Appendix B — Pre-handoff QA checklist
Complete before sharing with a client stakeholder.
- Warehouse platform, database, and schema are confirmed and written in metadata
- Profiling date is recorded and consistent across §4
- Every table in §4 has: metrics table, business objective, questions, and caveats
- Row counts and date ranges were queried (not estimated from INFORMATION_SCHEMA alone)

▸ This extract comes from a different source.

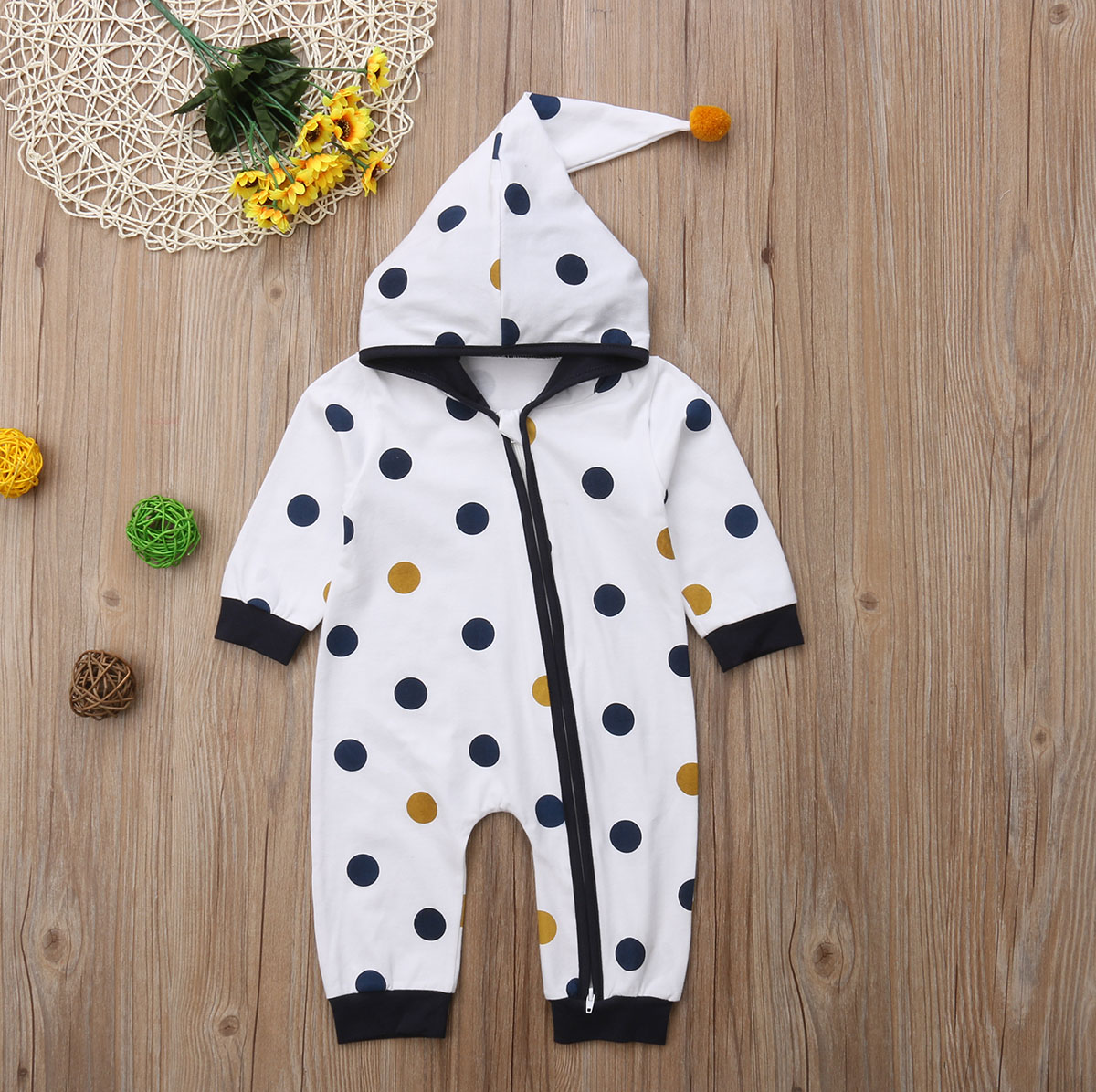 2018 Brand New Newborn Infant Baby Girls Boys Autumn Winter Romper Long Sleeve Cuspate Hooded Zipper Dot Jumpsuit Playsuit 0-24M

- Cross-cutting questions (§5) reference only tables profiled in §4
- Non-canonical / TEMP tables are flagged in §6.3
- Executive summary (§3) previews §4 faithfully — no claims that §4 doesn’t support
- Open items (§8) includes anything unresolved or approximate
- Validation queries (§9) would pass if run today
- Filename follows convention:
{client}-discovery-memo-{domain}.md - Prior schema audit or related artifacts reconciled — no contradictions shipped
- Changelog (§11) populated if this memo has been updated since initial profiling
- Appendix C (Schema Audit) column catalog covers every table profiled in §4
Appendix C — Schema Audit
Column-level reference for each profiled table. This is a technical appendix — no narrative, no business interpretation. Pure schema documentation for the data engineer building models on top of this share. Replace with a live SHOW TABLES / DESCRIBE TABLE output in the warehouse when possible.
C.1 [Table name]
| Column | Data type | Nullable | Cardinality | FK / PK reference | Notes |
|---|---|---|---|---|---|
[column] | [type] | [Y/N] | [count] | [references table.column] | [e.g., deprecated, use alt column] |
[column] | [type] | [Y/N] | [count] | [references table.column] | [...] |
C.2 [Table name]
(Repeat for each table profiled in §4. Keep the same table ordering used in §4.)